Repeat exactly, and only, the lines running from the one that holds "this 640×480 image." to the end of the records.

Records from a data source:
--- START ---

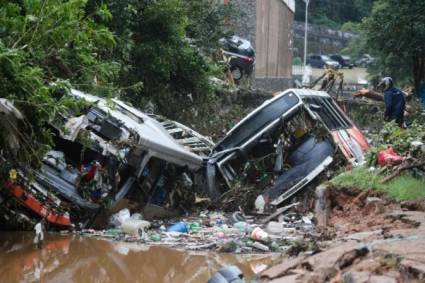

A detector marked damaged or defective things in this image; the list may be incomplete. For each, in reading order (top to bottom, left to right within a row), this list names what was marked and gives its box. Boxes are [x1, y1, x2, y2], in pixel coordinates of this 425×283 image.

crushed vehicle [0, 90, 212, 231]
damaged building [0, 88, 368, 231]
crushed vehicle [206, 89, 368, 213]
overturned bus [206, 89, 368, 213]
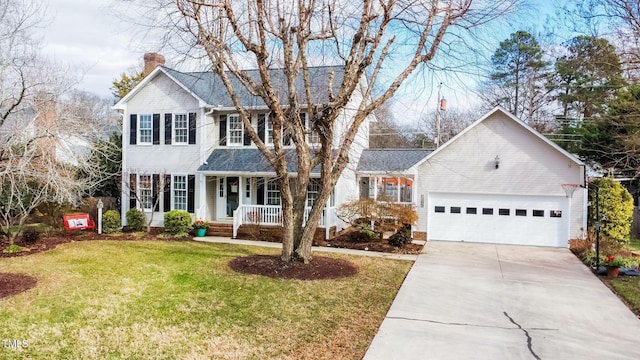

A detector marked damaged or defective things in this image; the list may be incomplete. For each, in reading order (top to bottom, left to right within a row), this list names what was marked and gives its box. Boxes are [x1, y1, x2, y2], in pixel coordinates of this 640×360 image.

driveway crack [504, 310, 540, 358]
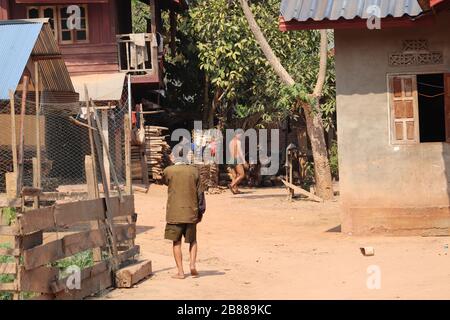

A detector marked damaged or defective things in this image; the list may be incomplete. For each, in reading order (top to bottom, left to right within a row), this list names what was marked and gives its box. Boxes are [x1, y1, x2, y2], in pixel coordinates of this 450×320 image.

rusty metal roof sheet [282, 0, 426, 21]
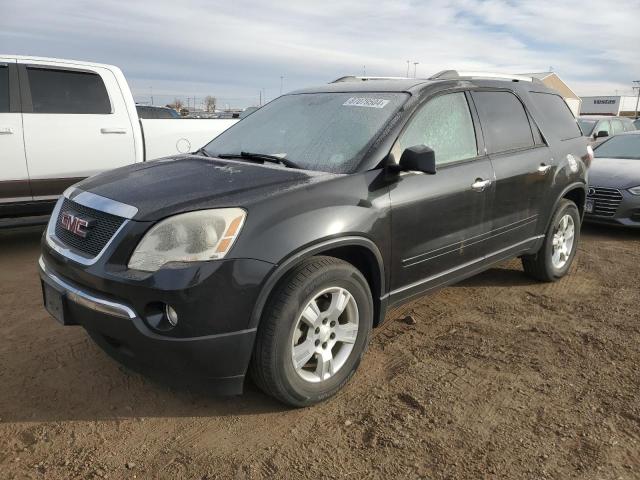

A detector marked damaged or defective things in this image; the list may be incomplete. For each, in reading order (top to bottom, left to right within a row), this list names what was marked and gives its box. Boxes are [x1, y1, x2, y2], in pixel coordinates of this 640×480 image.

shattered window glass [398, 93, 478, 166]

--- END ---

• Answer to the exercise:
A detector marked damaged or defective things in this image; the list may be incomplete. For each, in reading order (top to bottom, left to right within a row), this list names what was marked and gives its box. Boxes are [x1, y1, x2, y2], in pixel coordinates of this 640×480 image.

shattered window glass [398, 93, 478, 166]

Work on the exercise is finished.